How to control the quality of your software product? Quality is one of the most important features that applies not only to the product but to every stage of its delivery. If you want to create a successful product, you have to be professional in everything you do. Testing the software product is an important part of development, because even minor errors can affect the effectiveness and success of a whole project.
Poor quality assurance can lead to the main causes of software startup failures, so the purpose of executing quality assurance tests is to avoid the delivery of poor quality products. In this article, we are going to share with you our ideas for quality measurements.
- Functionality – is determined by the ability of the software to solve problems that correspond to the fixed and anticipated needs of the user under the given conditions of software. Ths characteristic ensures that the software operates correctly and accurately, is interoperable, meets industry standards, and is protected from unauthorized access.
- Reliability – the ability of software to perform the required tasks under specified conditions for a specified period of time or a specified number of operations. The attributes of this characteristic are the completeness and integrity of the entire system, the ability to independently and correctly recover from operational failures, and resiliency.
- Usability is the user’s ability to easily understand, study, use the software.
- Efficiency is the ability of the software to provide the required level of performance in accordance with the allocated resources, time and other specified conditions.
- Maintainability provides the ease to analyze and test the software, change and fix defects, meet the new requirements, facilitate further maintenance, and to adapt to the existing environment.
- Portability characterizes software in terms of ease of portability from one environment (software/hardware) to another.
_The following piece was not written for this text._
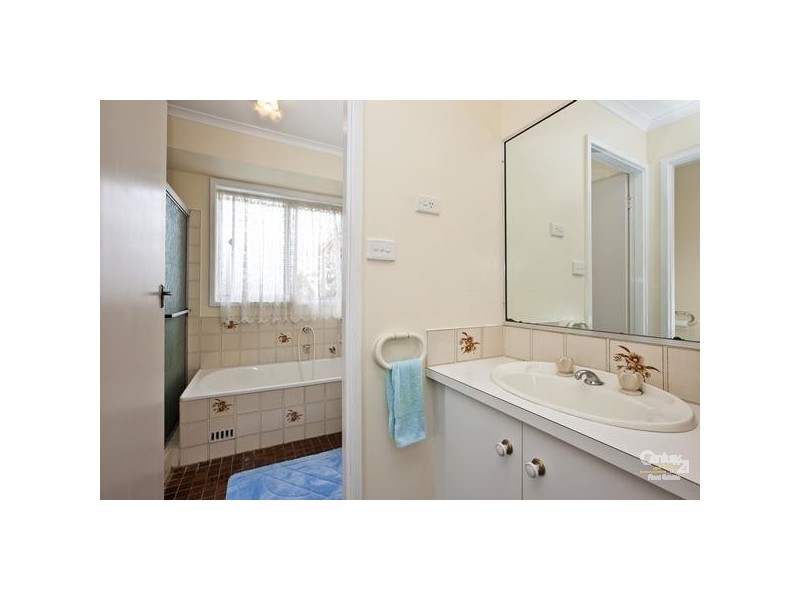 23 Cromdale Parade, Maryland NSW 2287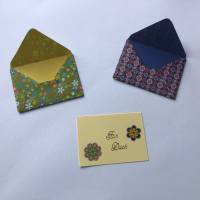 Briefumschläge klein mit Muster, 5 Stück, Mini-Kuverts 9 cm x 6,5 cm, grün-gelb mit Blümchen, blau-rot Bild 1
The introduction and use of metrics is essential for improving control over the development process, and in particular over the testing process. If we choose the Bug/Defect Metrics, there are following types:
- Open/Closed Bugs (the ratio of the number of open bugs to closed (corrected and rechecked)
- Reopened/Closed Bugs (the ratio of the number of reopened bugs to closed (fixed and rechecked)
- Rejected/Opened Bugs (the ratio of the number of rejected bugs to open)
- Bugs by Severity
- Bugs by Priority
Before delivering a software product, we need to measure its quality to ensure that it is bug-free. The bugs need to be reported per month on all possible environments (Staging, Development, Production) in components. The goal is to minimize the number of bugs on the production on a monthly basis reviews. In case of bugs, the QA needs to meet and find out the reason to fix the problems. The team can use the Jira tool and create the dashboard gadget “Filter Results.”
The bugs can be reported per feature or epic. The goal is to maximize the quality of every feature/epic on the weekly basis. If needed, this can be followed by the discussion on the code quality lessons learned session with the development team and tech lead.
The open or resolved bugs per sprint have the goal to minimize the number of open bugs and manage the backlog efficiently on a weekly basis. If needed, the team can discuss the code quality lessons learned session and create the Jira Dashboard gadget “Created vs. Resolved Chart.”
Backlog Management Index (BMI) is used to manage the backlog of open and unresolved problems.
If BMI is larger than 100, it means the backlog is reduced. If BMI is less than 100, then the backlog increased.
The average time in status and average number of times in the status are used to identify bottlenecks and improve the development process on a daily basis. The team has to discuss the average time with the responsible for blocked items to unblock the team, so everyone can be updated of the process. For these purposes, we can use the Jira dashboard gadgets “Average Number of Times in Status” and “Average Time in Status.”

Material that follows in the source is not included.